There are proponents of each, but cabinet configuration may dictate. Cold aisle containment requires good air balance and ensures that all the cool air goes to cabinets. But the rest of the room is hot -- perhaps 100 degrees Fahrenheit (37.8 degrees Celsius) or more.

Hot aisle containment is more energy-efficient but requires a clear return air path back to the air conditioners. Existing installations often find cold aisle containment more practical to retrofit.

diagram of data center with hot and cold aisles

Overhead coolers are effective in delivering cool air directly in front of high-heat cabinets, but they require large heat loads to operate. They also use special piping that can be difficult to install in existing facilities.

Monitor the cooling environment

Most importantly, install good environmental monitoring -- data center infrastructure management software -- and mount sensors on cabinets. Modern smart power distribution units make this easy. Adjust cooling with real data, not just on how an area feels. Good data enables organizations to operate near the top of the ASHRAE Thermal Guidelines -- 27 degrees Celsius or 80.6 degrees Fahrenheit inlet temperature to the IT equipment -- using less cooling energy but also getting more capacity out of cooling units.

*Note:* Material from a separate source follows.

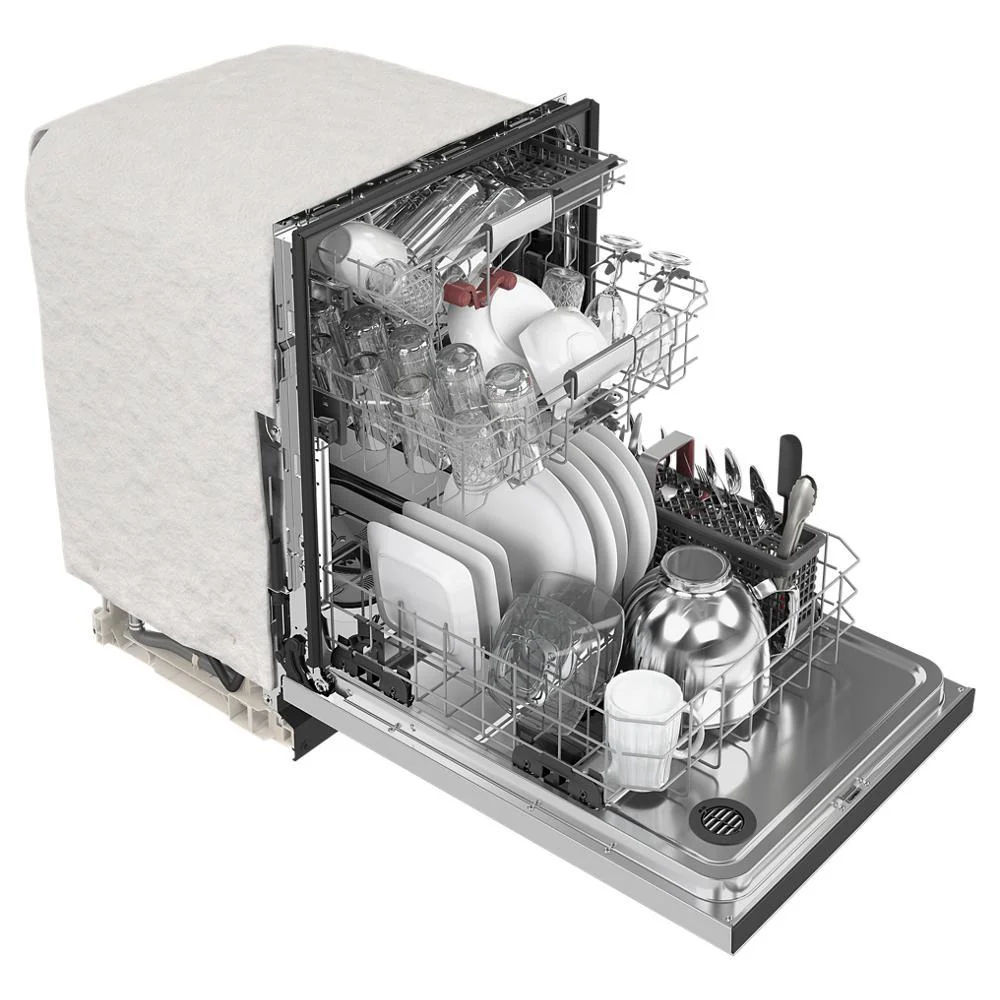 Kitchenaid KDTM405PPS Energy Star® Certified 360(degree) Max Jets™ Third Rack Dishwasher, 44 dBA - Image 12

Self-cooled cabinets can work in data centers that only have a few cabinets that contain high-density equipment. They are large and may be nonredundant. If cooling stops, doors swing open to access room cooling until organizations fix the cabinet system.

Total immersion cooling runs servers in a vat of nonconductive liquid that can handle high heat densities. They're like horizontal 42U cabinets, but their weights may make floor loading a problem. For a full rack of high-performance servers, however, they may be the easiest solution of all.

There are many ways available to solve challenging cooling problems, but the biggest challenge may be deciding which to choose. Examine your budgets and requirements of the facility to determine the best way to fix common cooling issues.